— Directions —
Output, exactly as written, the lines below starting at the line containing "Kit de iluminaci" and ending at the line containing "Asociacion Nacional De". Drop the pictures and keep both end lines.
** Records provided follows **
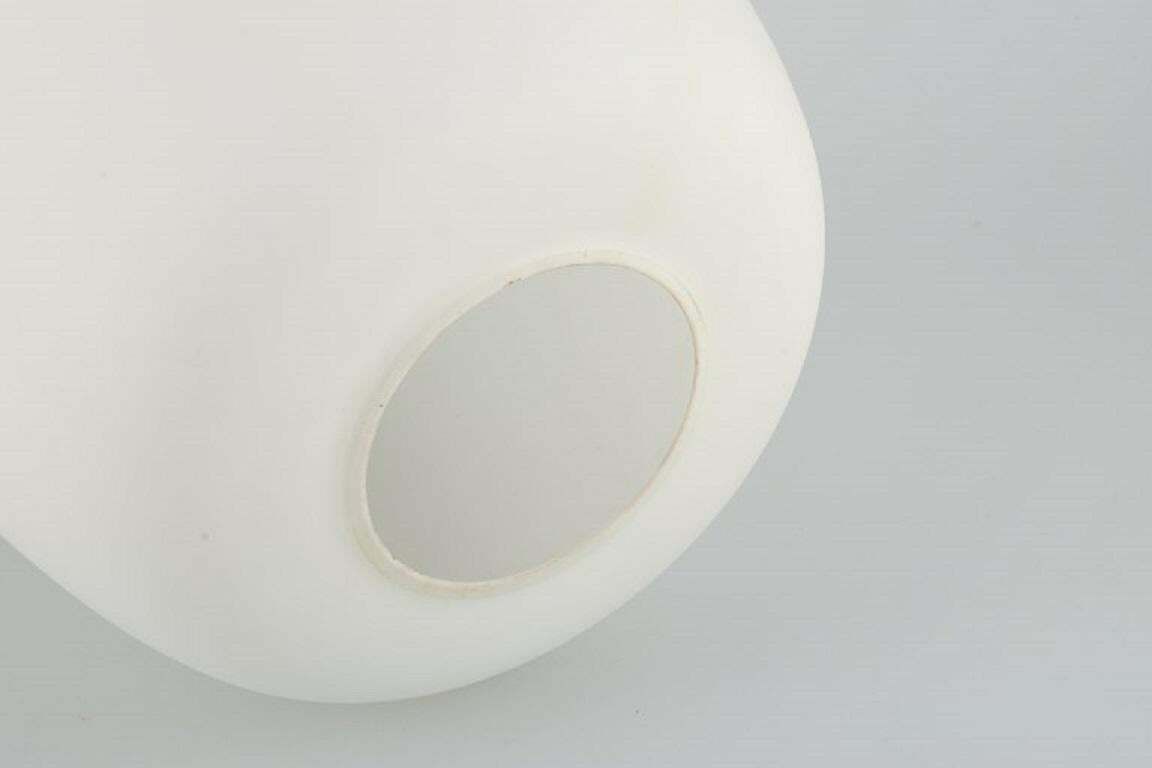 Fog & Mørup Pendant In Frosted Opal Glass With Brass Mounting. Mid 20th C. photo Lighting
** End of Records provided **
** Records provided follows **
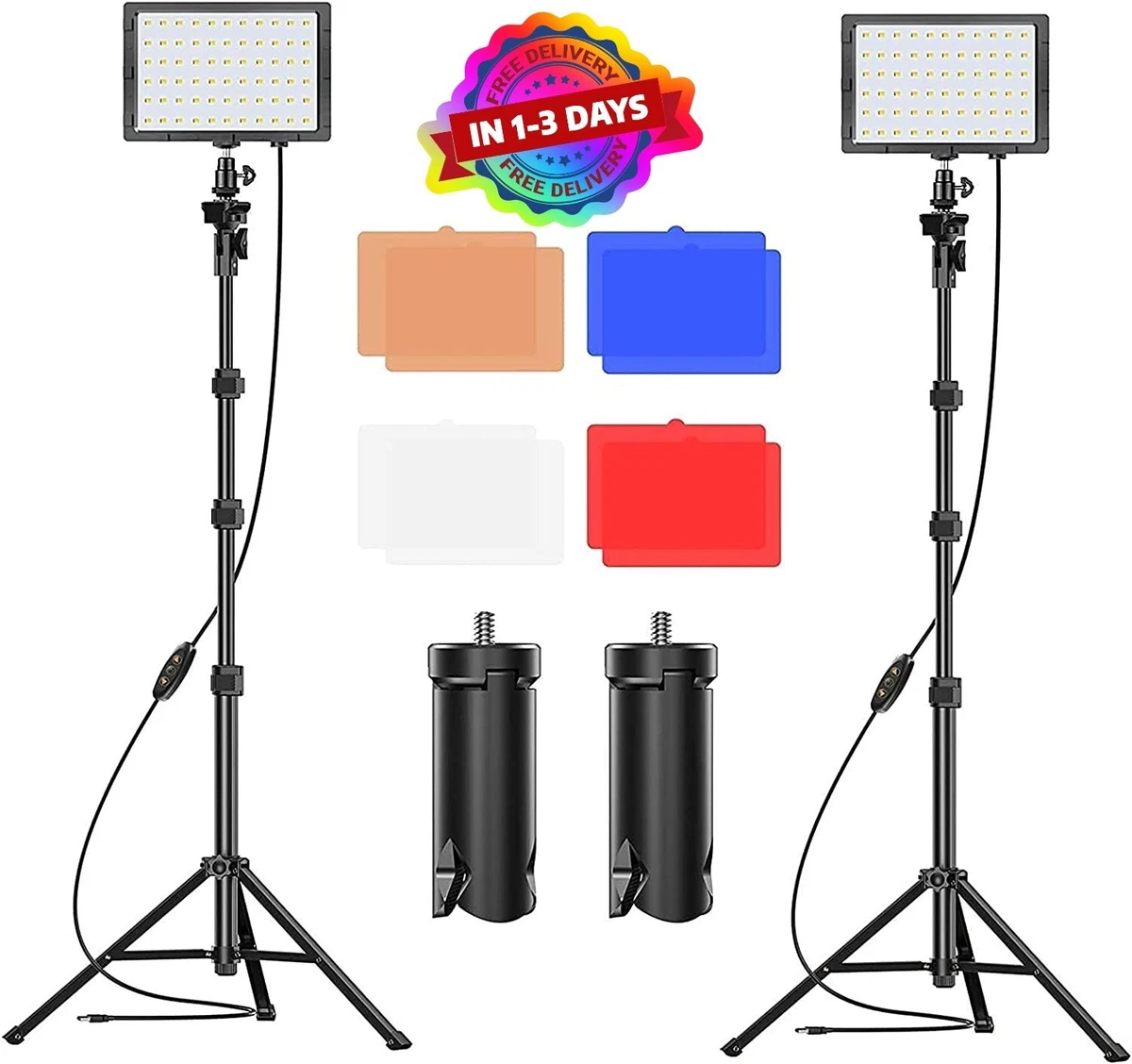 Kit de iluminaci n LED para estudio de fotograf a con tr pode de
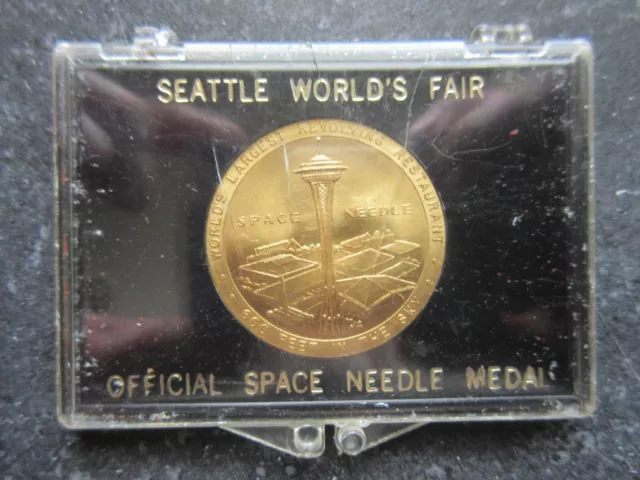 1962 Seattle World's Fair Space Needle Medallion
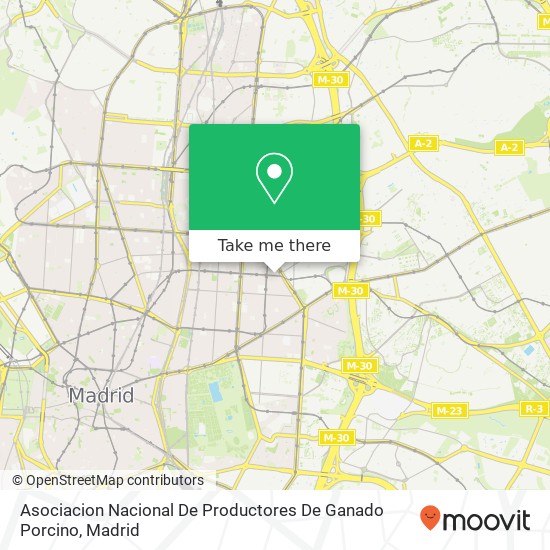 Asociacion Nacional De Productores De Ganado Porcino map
** End of Records provided **
— Result —
 Kit de iluminaci n LED para estudio de fotograf a con tr pode de
 1962 Seattle World's Fair Space Needle Medallion
 Asociacion Nacional De Productores De Ganado Porcino map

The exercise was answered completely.